Dès lors que ce résultat est atteint, cette première exigence, celle de la séparation des pouvoirs, est sauve. Mais pour que ce résultat soit atteint, deux conditions doivent être simultanément réunies.

La première, la plus évidente, est que le pouvoir politique, que ce soit dans sa composante exécutive ou législative, ne puisse intervenir autrement que par la fixation des normes au respect desquelles le juge aura ensuite la charge de veiller.

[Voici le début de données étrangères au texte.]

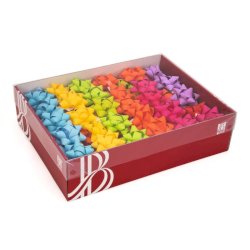 Coccarda di carta Bolis Ø 6,5 cm Everyday - conf. 100 pz - 59101372249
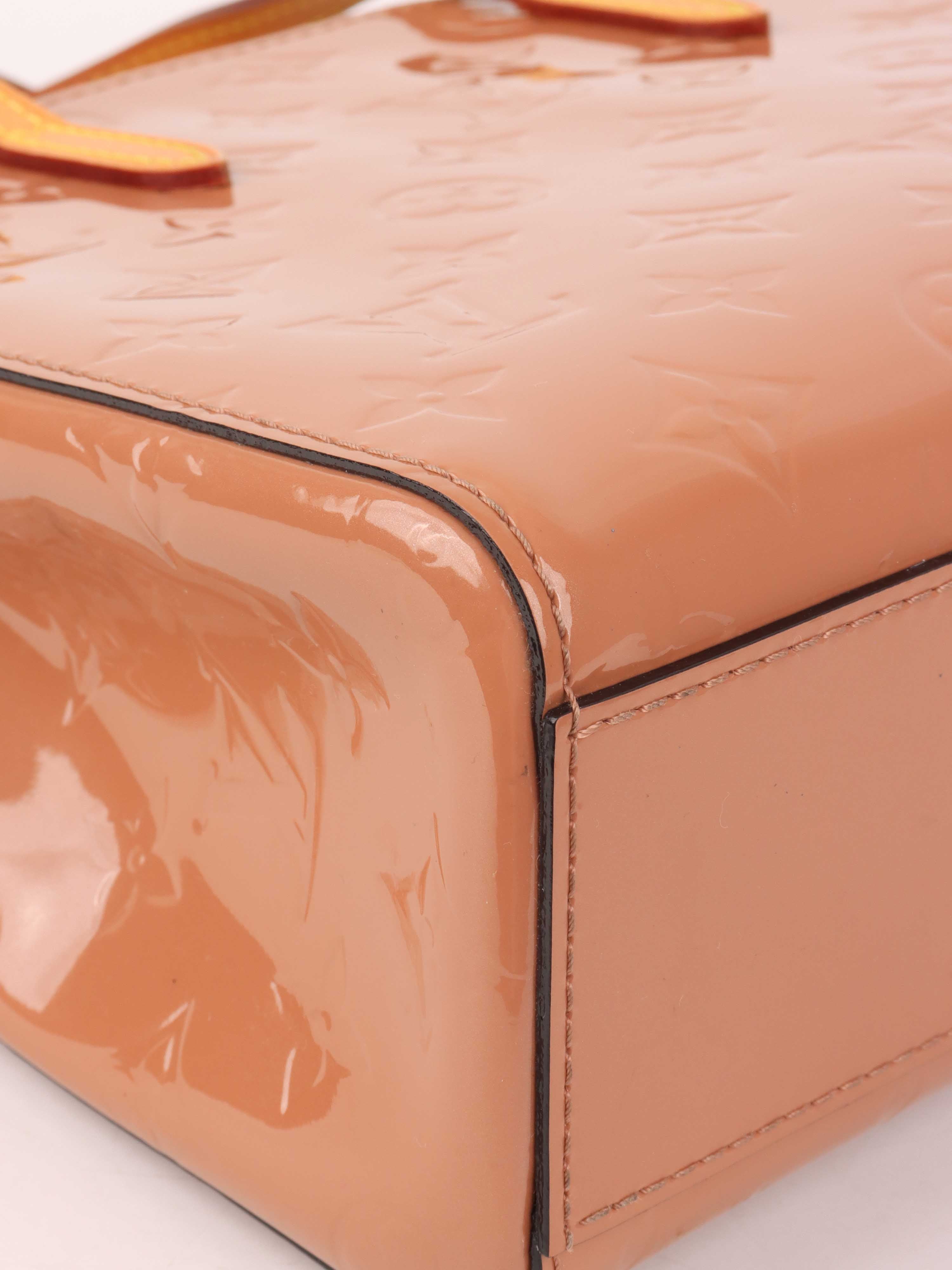 Authentic Louis Vuitton Patent Leather Catalina BB Crossbody Bag in Pink - Luxury Designer Handbag for Women, Perfect for Date Night & Evening Events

La deuxième conséquence, moins claire, est aussi que le juge lui-même s’abstienne d’empiéter sur l’exercice par d’autres du pouvoir qui est le leur. Si je rappelle cette exigence, c’est parce que le risque existe toujours, qui s’est matérialisé en France, qu’une conception trop extensive de la justice, en particulier pénale, n’amène le juge à franchir la frontière entre légalité et opportunité, à apprécier ce qu’est ou aurait été, selon lui, la bonne utilisation du pouvoir législatif ou du pouvoir réglementaire, mettant ainsi en cause les conditions de leur exercice pourtant légal, alors que lui-même serait le premier à s’indigner, à juste titre, si gouvernement ou parlement prétendait substituer leurs décisions aux siennes.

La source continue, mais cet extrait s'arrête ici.